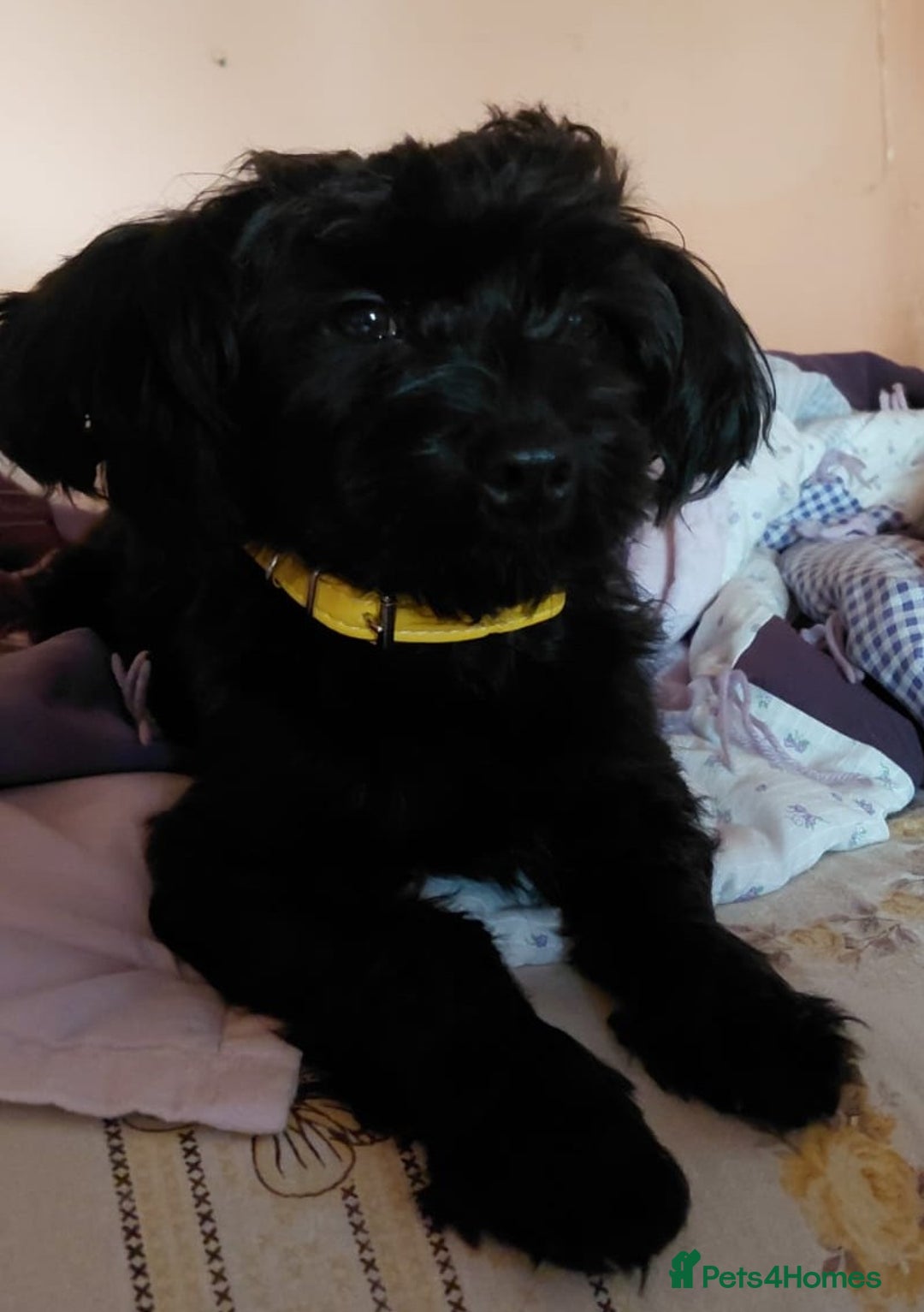 Mixed Breed dogs for adoption: 💛 BRINDY - A Sweet Little Black Velvet Girl 💛🐾 - Advert 4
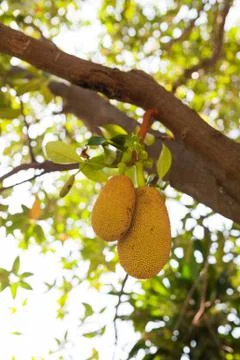 Jack fruit Stock Photos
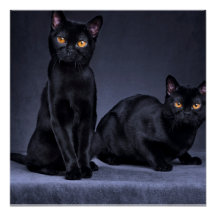 Poster brillant de chat noir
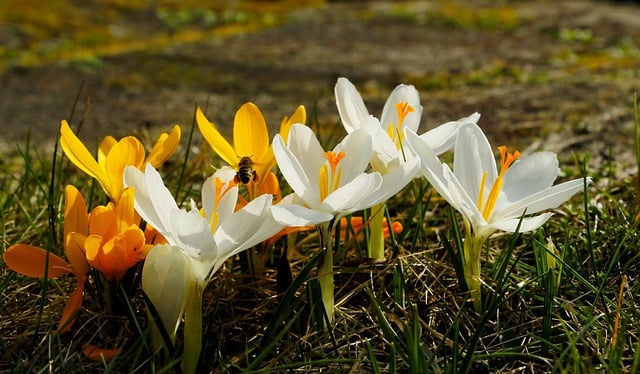 Free download crocuses flower spring botany free picture to be edited with GIMP free online image editor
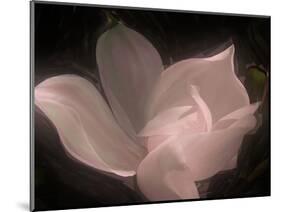 Magnolia-Mindy Sommers-Mounted Giclee Print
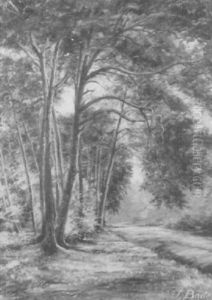 Kieferngruppe Am Schwanheimer Wald by Johannes Bode
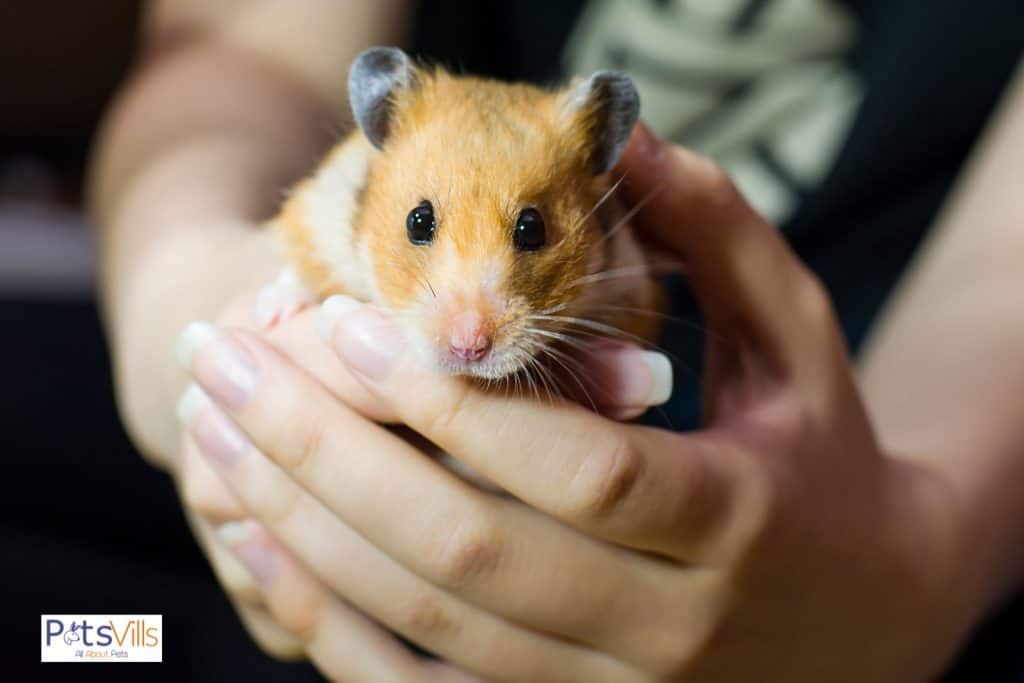 why do hamsters die so fast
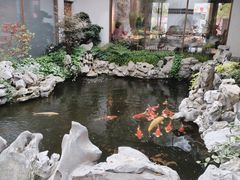 -鲤院·新中式美学·庭院餐厅(夫子庙店)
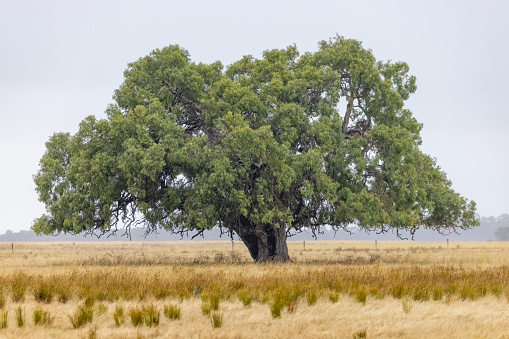 Lush tree on Australian farm in dry grass with lower branches eaten by cattle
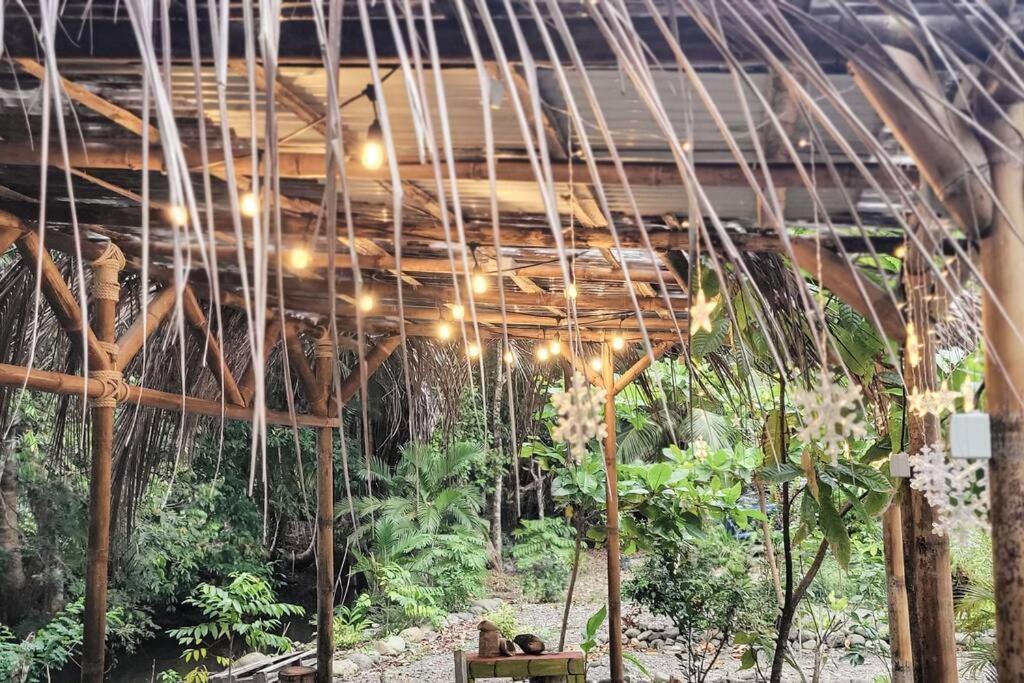 Von House * Manuel Antonio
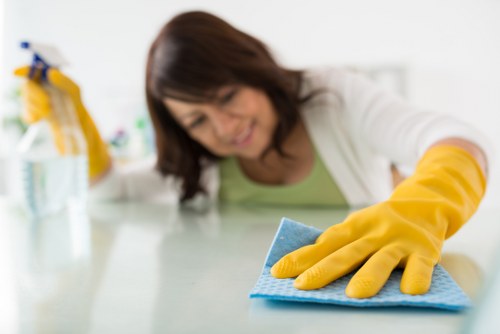 Image showing supplier due diligence and auditing for Finchley oven cleaning services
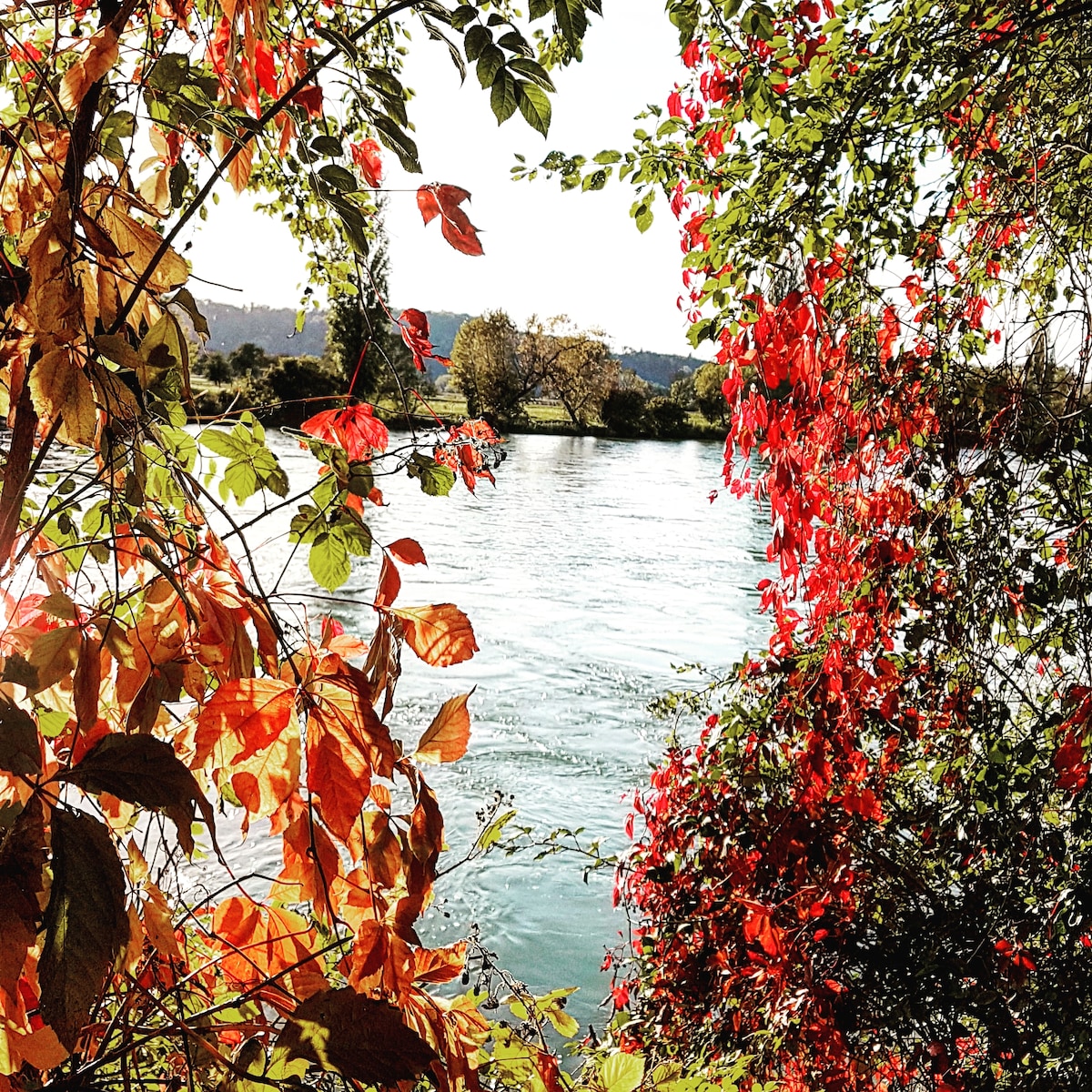 The image captures a serene riverside scene framed by foliage. Vividly colored leaves in shades of red and orange contrast against the calm blue water, while green trees are visible along the riverbank in the background, suggesting a tranquil natural setting.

Exercise objective: From the records above, transcribe exactly the lines starting at the one containing "Jack fruit Stock Photos" and ending at the one containing "Image showing supplier". Skip the pictures.

Response to the task:
 Jack fruit Stock Photos
 Poster brillant de chat noir
 Free download crocuses flower spring botany free picture to be edited with GIMP free online image editor
 Magnolia-Mindy Sommers-Mounted Giclee Print
 Kieferngruppe Am Schwanheimer Wald by Johannes Bode
 why do hamsters die so fast
 -鲤院·新中式美学·庭院餐厅(夫子庙店)
 Lush tree on Australian farm in dry grass with lower branches eaten by cattle
 Von House * Manuel Antonio
 Image showing supplier due diligence and auditing for Finchley oven cleaning services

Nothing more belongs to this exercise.